La madrugada cayó pesada dentro de la casa del Parking. Eran cerca de las 3:00 a.m. cuando Yen Video decidió hablar sin filtros y contar una parte de su historia que pocos conocían. No fue show ni estrategia: fue memoria cruda.
Recordó que, cuando llegó a Panamá, durmió en el piso de una iglesia, cubierto apenas con una sábana. No había colchón, ni inflable, ni comodidad. Solo el suelo frío y la necesidad de seguir. Dijo que ese pastor los sostuvo un tiempo, hasta que luego se mudaron a un barrio de San Miguelito, por el área de Calleón. Allí tampoco había abanico y el trabajo era constante.
Relató jornadas de 8 y hasta 12 horas, cobradas como si fueran menos, sin opción a reclamar. “Si no te gusta, contrato a un nacional”, le decían. Y él aguantaba porque necesitaba el empleo. En diciembre, aseguró, no libraba ni un solo día.

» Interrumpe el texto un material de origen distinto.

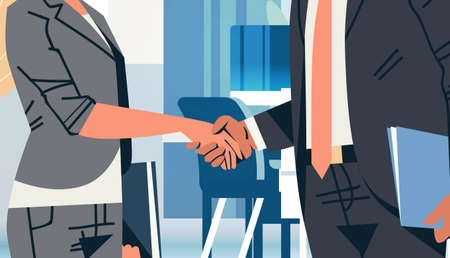businessman woman handshake agreement deal concept business people partnership communication modern...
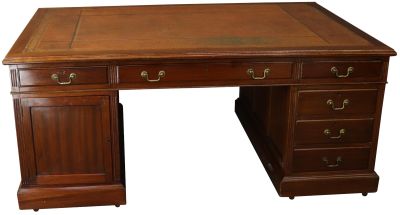 Antique Partners Desk Georgian English Mahogany Brown Leather Surface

También habló de su familia. Dijo que creció en un hogar de muy bajos recursos, con una madre que trabajaba como cajera y en panaderías para sacar adelante a cuatro hijos, luego de que su padre los abandonara cuando eran niños. “Yo pensaba que era clase media, hasta que conocí a la clase media”, confesó.
La noche cerró con denuncias de sabotajes, caídas de transmisión y presiones externas. Yen no pidió lástima. Solo contó de dónde viene.